Content starts

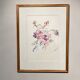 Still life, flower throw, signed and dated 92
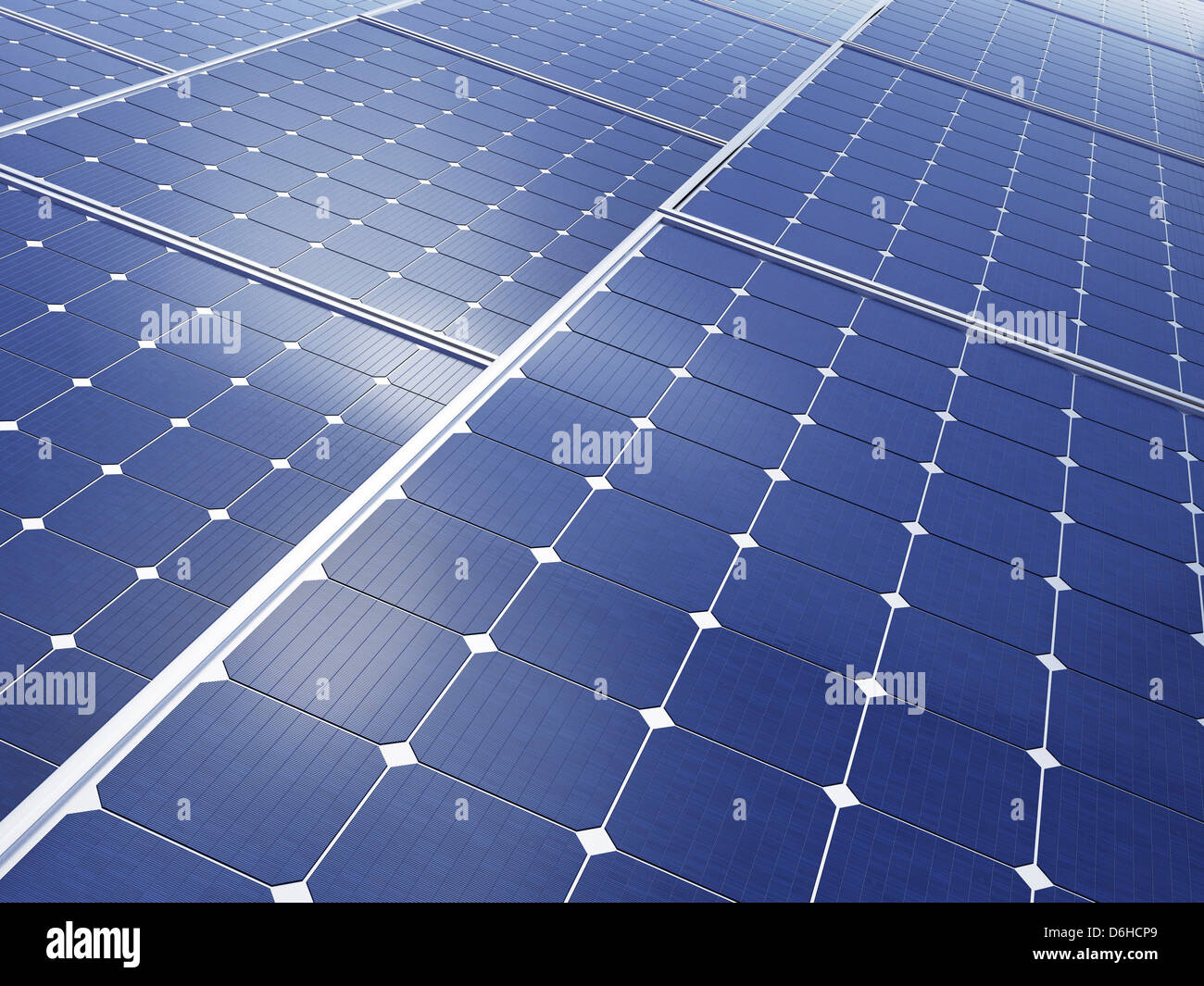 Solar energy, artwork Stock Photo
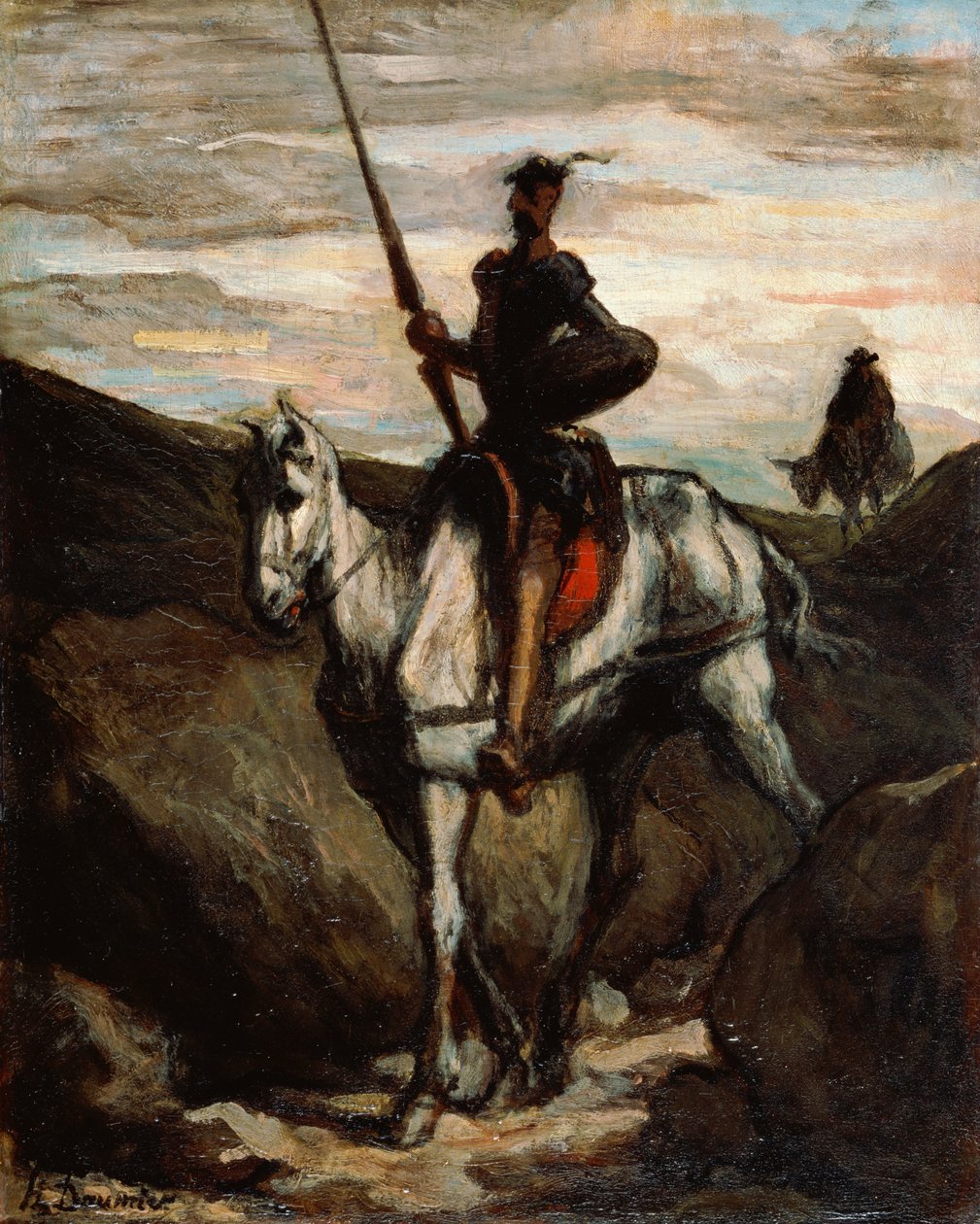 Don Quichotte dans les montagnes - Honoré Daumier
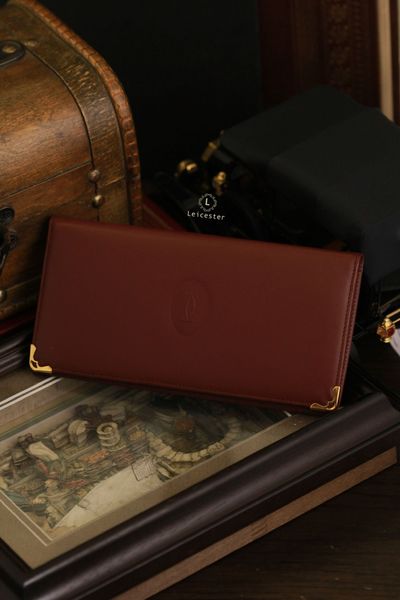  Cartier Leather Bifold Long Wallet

Content ends

**ABOUT THIS TASK**.
For this exercise, retype the data above exactly and skip every image.

**SOLUTION TO THIS PROBLEM**.
 Still life, flower throw, signed and dated 92
 Solar energy, artwork Stock Photo
 Don Quichotte dans les montagnes - Honoré Daumier
  Cartier Leather Bifold Long Wallet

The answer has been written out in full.